A student must earn a grade of at least 65% in each competency in order to pass the course. If a student fails one or more of the core competencies in a course, he or she fails the course. Some courses are offered in summer school. In order to be eligible for summer school, a student must pass at least half the core competencies. Eligible students attending summer school are only required to master the core competencies they failed.

==Campbell Advisory Program==
All students at Campbell High School participate in the Campbell Advisory Program. Students meet with their staff advisors for thirty five minutes in groups of approximately twelve. The CAG advisor is a spokesperson and an advocate for the best interests of each advisee. Each advocate is a contact person and a resource for his or her advisees. It is hoped that a lasting relationship can be developed in this context so each student feels he or she has a spokesperson who is approachable and works on his or her behalf. CAG also encourages trust, responsibility and mutual respect among a diverse group of students.
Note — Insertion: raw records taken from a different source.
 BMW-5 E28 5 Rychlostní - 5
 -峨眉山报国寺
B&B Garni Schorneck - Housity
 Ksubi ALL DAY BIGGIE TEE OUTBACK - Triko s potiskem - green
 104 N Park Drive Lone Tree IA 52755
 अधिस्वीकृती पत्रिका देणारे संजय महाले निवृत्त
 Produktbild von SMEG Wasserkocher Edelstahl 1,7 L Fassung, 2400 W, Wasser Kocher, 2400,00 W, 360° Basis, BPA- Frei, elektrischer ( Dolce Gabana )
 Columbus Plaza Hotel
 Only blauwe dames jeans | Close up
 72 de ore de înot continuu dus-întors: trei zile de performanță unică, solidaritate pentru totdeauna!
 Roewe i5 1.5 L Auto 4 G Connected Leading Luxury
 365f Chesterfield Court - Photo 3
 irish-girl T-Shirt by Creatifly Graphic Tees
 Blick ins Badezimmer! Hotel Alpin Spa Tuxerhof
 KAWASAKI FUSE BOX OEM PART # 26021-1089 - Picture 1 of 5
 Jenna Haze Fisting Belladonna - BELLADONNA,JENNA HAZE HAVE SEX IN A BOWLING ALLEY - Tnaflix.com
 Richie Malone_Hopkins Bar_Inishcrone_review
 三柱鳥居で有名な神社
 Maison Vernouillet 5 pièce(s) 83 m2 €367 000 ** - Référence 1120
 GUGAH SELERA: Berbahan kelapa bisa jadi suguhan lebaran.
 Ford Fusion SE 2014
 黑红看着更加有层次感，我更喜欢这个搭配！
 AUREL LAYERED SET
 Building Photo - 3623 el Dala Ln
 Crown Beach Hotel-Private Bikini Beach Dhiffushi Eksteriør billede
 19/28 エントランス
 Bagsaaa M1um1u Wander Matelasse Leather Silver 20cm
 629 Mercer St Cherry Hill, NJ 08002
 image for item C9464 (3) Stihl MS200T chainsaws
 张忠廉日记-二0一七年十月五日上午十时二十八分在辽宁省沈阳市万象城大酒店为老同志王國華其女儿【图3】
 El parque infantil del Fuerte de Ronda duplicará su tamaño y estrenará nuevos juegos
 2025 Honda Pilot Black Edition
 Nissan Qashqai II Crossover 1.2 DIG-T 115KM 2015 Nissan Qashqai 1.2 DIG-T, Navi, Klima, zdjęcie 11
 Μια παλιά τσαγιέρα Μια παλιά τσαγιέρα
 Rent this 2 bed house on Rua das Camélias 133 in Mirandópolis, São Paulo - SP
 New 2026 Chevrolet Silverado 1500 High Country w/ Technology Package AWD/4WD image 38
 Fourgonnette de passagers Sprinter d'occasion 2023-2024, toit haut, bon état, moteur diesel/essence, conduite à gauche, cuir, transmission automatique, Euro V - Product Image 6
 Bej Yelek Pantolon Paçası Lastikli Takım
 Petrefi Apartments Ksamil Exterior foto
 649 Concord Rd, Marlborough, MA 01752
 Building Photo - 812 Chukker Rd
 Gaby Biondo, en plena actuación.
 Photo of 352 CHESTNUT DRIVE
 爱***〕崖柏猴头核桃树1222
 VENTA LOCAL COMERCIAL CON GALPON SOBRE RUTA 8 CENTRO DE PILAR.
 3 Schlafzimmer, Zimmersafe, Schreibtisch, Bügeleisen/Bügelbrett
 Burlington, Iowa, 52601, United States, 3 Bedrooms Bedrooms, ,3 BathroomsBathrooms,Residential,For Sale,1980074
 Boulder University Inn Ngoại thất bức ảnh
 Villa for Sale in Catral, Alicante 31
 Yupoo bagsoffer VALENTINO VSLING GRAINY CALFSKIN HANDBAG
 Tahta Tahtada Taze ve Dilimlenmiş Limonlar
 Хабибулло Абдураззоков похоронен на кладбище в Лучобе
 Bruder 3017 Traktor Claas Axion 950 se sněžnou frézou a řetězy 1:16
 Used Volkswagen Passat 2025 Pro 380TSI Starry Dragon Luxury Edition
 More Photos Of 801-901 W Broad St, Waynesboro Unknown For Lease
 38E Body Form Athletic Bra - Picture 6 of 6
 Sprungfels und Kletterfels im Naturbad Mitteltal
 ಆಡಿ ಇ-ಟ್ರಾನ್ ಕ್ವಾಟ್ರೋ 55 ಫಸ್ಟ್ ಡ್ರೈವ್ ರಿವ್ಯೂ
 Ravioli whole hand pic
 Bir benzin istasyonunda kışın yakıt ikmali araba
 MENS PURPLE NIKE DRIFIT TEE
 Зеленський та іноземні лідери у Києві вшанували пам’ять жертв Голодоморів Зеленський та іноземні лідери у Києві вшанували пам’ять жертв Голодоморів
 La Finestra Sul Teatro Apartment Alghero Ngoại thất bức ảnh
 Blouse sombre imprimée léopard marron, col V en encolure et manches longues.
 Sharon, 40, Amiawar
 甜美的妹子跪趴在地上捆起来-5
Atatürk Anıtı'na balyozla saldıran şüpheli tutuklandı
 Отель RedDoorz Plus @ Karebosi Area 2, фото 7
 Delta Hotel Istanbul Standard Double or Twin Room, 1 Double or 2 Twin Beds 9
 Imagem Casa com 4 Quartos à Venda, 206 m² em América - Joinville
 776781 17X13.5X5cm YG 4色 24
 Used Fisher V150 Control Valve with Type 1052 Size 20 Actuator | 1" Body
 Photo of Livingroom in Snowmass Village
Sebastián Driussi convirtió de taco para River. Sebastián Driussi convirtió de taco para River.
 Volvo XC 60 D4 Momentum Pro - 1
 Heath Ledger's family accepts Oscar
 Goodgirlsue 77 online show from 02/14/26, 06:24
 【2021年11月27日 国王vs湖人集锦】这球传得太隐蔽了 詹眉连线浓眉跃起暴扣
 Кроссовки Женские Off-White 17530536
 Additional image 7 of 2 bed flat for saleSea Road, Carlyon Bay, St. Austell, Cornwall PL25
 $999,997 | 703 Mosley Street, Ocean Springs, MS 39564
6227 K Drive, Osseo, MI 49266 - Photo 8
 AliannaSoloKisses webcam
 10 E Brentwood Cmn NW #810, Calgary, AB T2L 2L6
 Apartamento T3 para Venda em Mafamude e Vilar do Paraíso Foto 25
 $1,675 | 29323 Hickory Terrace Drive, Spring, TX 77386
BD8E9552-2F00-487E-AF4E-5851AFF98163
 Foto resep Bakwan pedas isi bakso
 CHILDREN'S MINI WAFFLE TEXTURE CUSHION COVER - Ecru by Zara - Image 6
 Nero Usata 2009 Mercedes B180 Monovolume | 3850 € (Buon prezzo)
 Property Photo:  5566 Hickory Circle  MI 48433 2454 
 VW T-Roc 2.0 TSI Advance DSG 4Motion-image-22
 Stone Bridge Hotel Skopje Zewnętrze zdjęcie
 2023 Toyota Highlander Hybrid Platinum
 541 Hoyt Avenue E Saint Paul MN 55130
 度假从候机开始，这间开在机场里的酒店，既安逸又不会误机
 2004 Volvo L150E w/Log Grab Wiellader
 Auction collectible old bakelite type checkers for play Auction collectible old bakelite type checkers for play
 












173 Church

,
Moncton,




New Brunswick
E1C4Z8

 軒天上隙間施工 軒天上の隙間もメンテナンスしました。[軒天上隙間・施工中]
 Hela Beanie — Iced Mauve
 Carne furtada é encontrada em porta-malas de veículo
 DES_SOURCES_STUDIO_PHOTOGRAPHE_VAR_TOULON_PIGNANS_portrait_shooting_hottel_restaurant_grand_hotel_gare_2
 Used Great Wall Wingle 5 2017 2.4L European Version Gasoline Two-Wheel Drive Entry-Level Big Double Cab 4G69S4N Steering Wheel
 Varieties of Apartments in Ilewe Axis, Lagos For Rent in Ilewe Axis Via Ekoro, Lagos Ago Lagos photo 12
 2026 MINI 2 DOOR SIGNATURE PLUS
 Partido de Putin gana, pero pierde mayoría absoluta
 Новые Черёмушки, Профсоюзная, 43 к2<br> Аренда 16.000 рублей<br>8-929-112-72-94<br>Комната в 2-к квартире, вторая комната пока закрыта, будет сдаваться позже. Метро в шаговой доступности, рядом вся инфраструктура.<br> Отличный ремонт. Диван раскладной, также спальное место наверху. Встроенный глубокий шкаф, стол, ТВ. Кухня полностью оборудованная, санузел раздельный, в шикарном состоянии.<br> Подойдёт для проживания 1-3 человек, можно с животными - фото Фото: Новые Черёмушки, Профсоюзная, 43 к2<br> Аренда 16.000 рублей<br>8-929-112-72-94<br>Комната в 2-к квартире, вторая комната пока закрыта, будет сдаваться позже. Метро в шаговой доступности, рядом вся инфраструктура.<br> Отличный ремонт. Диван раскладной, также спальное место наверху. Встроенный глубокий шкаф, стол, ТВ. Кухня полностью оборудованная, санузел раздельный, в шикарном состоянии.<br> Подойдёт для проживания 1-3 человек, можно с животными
Students of Campbell High School also have a policy where there is a formative and summative grading system. Formative is the class work or homework that is worth 15% of the class grade. Summative work are quizzes, test or other forms of work that is worth 85% of the class grade.

==Sophomore project==
All students must successfully complete and present a project during their sophomore year in order to graduate from Campbell High School. The Sophomore Project reflects a minimum of thirty hours of community service chosen by the student and approved by the sophomore project clearinghouse.

==Senior project==
The Senior Project is a requirement for graduation at Campbell High School for all seniors, as well as any students considering early graduation. The Senior Project is designed by each student and approved by the senior project clearinghouse, and must reflect at least forty hours of work. Completion includes a class presentation. These projects develop individual skills and knowledge in an area that the student chooses. Opportunities to gain credit for the project will be based on documented hours: 67.5 plus hours can earn one-half credit and 135 plus hours can earn one credit.

== Sports ==
Campbell High School is a member of the New Hampshire Interscholastic Athletic Association (NHIAA). Campbell competes in 7 fall sports, 5 winter sports, and 4 spring sports, all members of the Division III NHIAA.

=== Football ===
The football team at Campbell High does well, earning the title of undefeated state champs in the 2017-18 season, the first Campbell football team to earn that title in school history. This is the most recent state championship win since the 2014-15 season.

=== Softball ===
The CHS Softball team competes both at the varsity and junior varsity level. The varsity softball team has made five championship appearances (going 4-5), the first being in 2008, and the latest in 2015. The Lady Cougars won the 2011 NHIAA Division III championship, with an 8-0 win over Somersworth High School. Following the 2011 title, the Cougars won three consecutive NHIAA Division III championships in 2013, 2014, and 2015.

=== Baseball ===
Campbell High School has a varsity and junior varsity baseball team. The varsity baseball team has done exceptionally well, making seven championship appearances since 2006. The team has won five NHIAA Division III championships, the first being in 2006, followed by ones in 2011, 2014, 2015, and 2017.